The Use of Pictures. There is of course very high ground that may rightly be taken as regards pictures, for it is remarkable that the highest works of art are the most religious. Sacred pictures are a sort of painted sermons of a very powerful and affecting kind; much practical divinity is learnt from the silent eloquence of those sublime productions which teach from the instructive walls. We know that even a print from Mant's Bible clings to a child and acts upon it for life. The power of pictures as a sort of mute divines-mute indeed, but having a voice among them,' is marvellously great, and Christian truths, which preachers fail to enforce, often strike home and leave lasting impressions when taught by lips that speak from canvas.— Nat. Mis.

They have seen Better Days.-I know no one for whom one's heart so instinctively bleeds as for him of whom it is said, 'He has seen better days.' Probably such an one hides beneath some old best coat, or some old silk gown, the real state of hardship which has to be borne. 'To beg I am ashamed,' is the motto of such. They go on bearing and bearing, without the knowledge of men, their increasing poverty, hoping against hope, still keeping up appearances and not coming under the designation of the poor, failing to share those charities which are dispensed among the lowest class of all. Yes; to have known better days, to be decayed, to be dropping comfort after comfort, to go down stairs in life, to see the summer friends slipping away, to have to be as the poor without being accustomed to poverty, without having been acclimated, so to speak, to the state of poverty-this is a lot which claims the deepest sympathy. -Nat. Mis.

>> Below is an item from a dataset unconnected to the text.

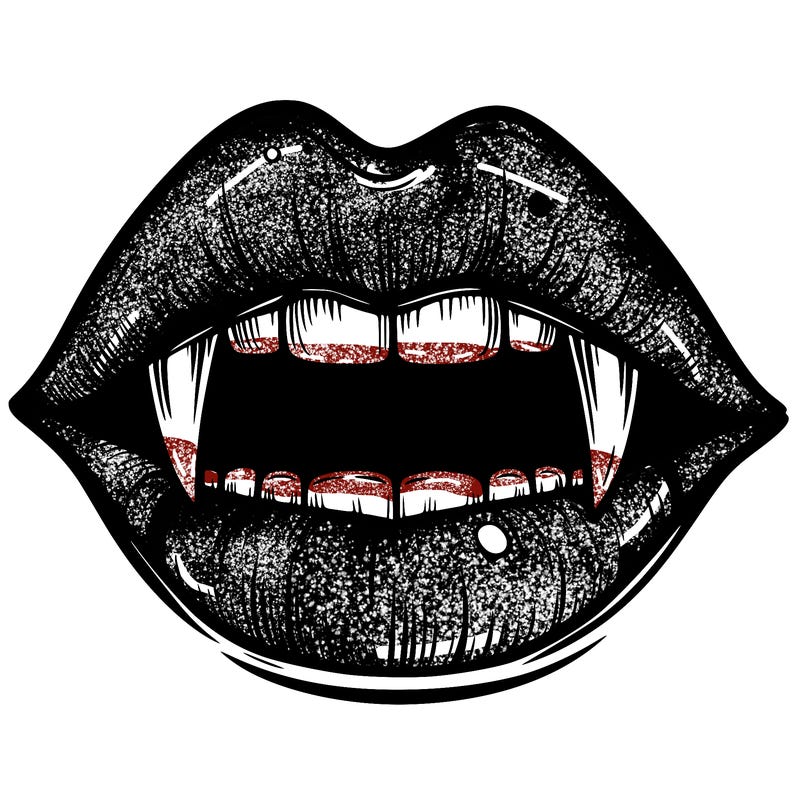 lips with vampire teeth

Death of Sir John Falstaff.

'For his nose was as sharp as a pen and a table of green fields.' So ran the line in the original copies, defying the greatest critical acumen. The emendation proposed by Theobald, and since so popular, was—

'His nose was as sharp as a pen, and a' babbled of green fields.'

But Mr. Collier, in his Notes and Emendations of Shakespeare, reads

'For his nose was as sharp as a pen on a table of green frieze.'

This is probably the right reading. Yet who does not regret the being obliged to give up Theobald's ingenious and expressive reading of the passage?